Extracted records
+ + +
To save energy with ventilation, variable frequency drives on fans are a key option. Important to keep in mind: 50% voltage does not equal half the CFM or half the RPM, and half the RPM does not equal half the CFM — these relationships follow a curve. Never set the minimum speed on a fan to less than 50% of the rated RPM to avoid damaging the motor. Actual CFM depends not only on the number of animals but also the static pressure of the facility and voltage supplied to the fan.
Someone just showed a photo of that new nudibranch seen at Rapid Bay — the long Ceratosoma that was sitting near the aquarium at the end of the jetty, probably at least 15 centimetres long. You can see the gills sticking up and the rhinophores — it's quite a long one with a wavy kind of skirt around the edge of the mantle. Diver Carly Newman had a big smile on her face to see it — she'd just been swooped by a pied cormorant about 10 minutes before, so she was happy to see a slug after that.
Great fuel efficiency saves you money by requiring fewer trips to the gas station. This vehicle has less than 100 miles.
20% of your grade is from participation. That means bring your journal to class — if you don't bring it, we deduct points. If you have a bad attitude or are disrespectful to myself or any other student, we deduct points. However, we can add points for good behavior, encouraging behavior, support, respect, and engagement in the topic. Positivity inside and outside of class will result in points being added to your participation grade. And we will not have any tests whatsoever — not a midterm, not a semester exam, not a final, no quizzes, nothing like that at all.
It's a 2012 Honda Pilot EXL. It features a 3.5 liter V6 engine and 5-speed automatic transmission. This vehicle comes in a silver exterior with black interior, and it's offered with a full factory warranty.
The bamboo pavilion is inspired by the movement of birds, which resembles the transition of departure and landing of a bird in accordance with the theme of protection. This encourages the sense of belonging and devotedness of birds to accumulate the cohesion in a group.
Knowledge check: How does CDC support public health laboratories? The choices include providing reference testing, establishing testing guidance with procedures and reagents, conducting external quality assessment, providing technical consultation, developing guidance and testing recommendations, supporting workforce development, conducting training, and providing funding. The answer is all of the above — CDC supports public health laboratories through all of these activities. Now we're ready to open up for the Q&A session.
+ + +
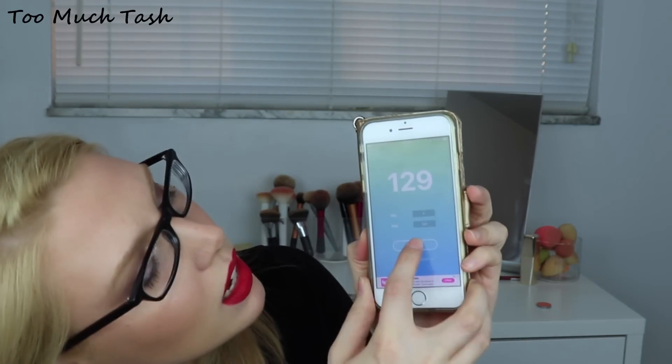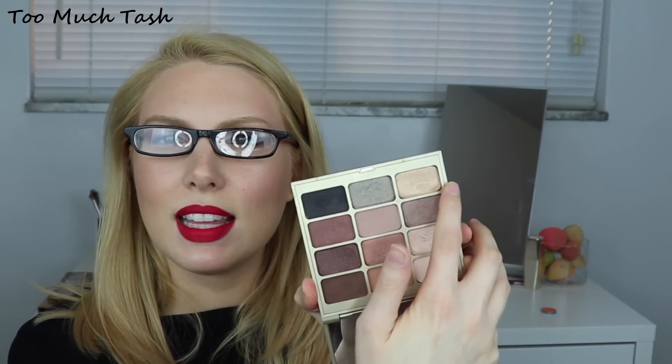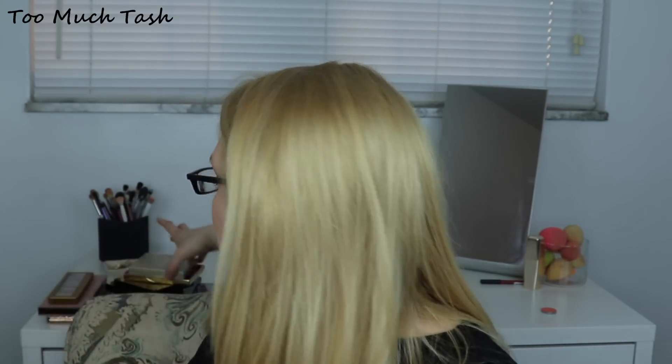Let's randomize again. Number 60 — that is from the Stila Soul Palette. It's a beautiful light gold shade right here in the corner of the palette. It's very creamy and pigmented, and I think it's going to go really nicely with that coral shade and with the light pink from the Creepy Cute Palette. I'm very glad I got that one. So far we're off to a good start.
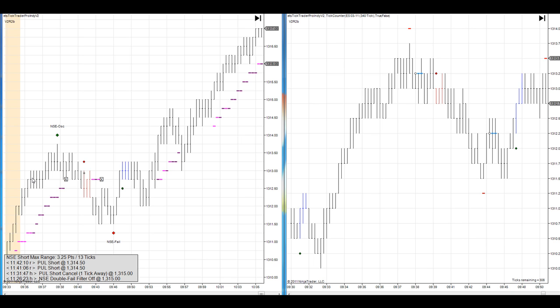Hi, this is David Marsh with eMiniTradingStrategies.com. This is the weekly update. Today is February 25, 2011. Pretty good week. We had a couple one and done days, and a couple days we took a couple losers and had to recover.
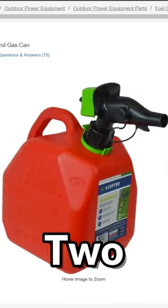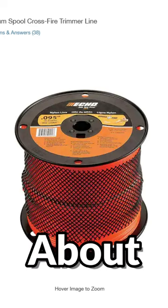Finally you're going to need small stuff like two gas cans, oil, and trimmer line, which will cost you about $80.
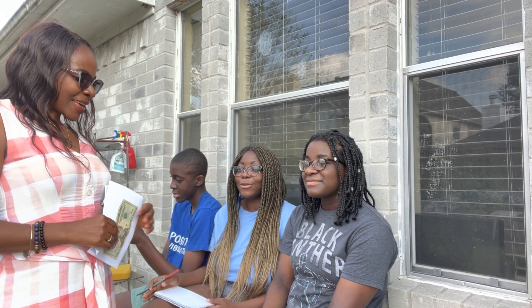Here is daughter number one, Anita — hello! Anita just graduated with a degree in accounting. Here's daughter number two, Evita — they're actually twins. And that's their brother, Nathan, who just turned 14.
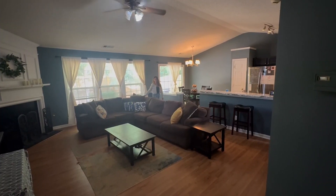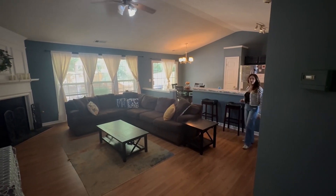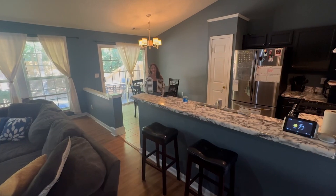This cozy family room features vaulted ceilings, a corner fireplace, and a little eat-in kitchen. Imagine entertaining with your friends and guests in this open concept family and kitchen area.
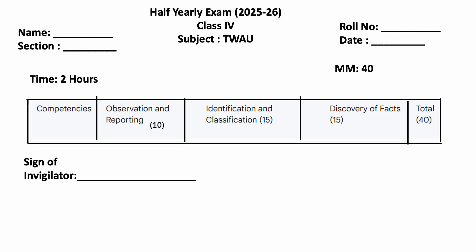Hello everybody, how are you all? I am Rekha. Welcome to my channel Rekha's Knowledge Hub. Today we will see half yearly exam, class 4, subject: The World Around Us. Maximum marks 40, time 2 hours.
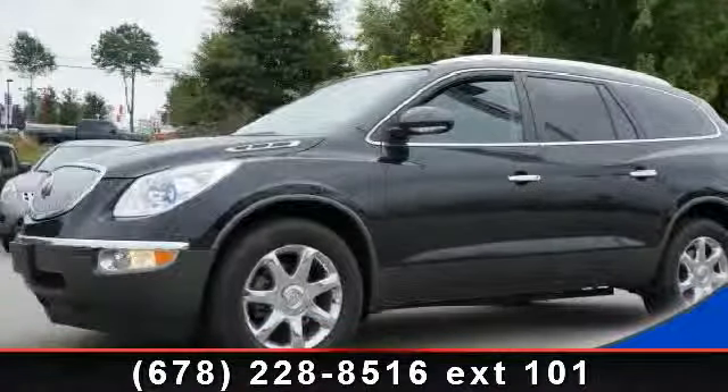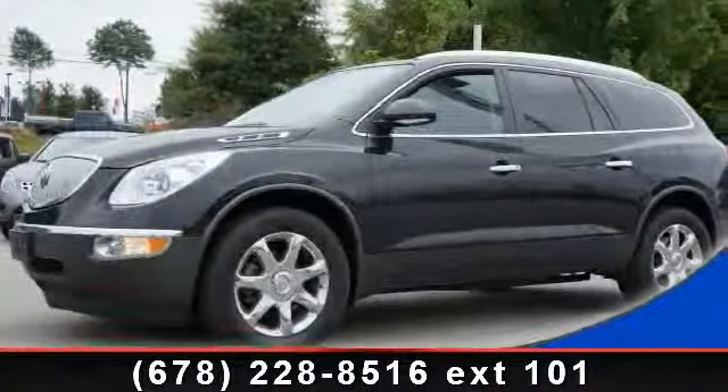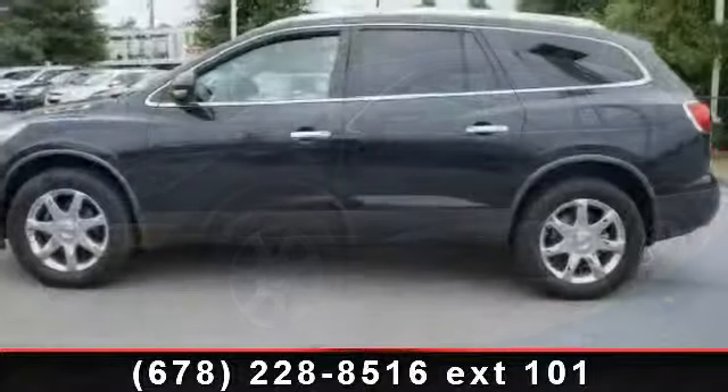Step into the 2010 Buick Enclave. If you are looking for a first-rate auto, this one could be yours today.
+ + +
WORK ORDER
Within the entries above, the lines from the one containing "Hello everybody, how" through the one containing "Step into the" are to be transcribed exactly, ends included, pictures excluded.

OUTPUT OF THE EXERCISE
Hello everybody, how are you all? I am Rekha. Welcome to my channel Rekha's Knowledge Hub. Today we will see half yearly exam, class 4, subject: The World Around Us. Maximum marks 40, time 2 hours.
Step into the 2010 Buick Enclave. If you are looking for a first-rate auto, this one could be yours today.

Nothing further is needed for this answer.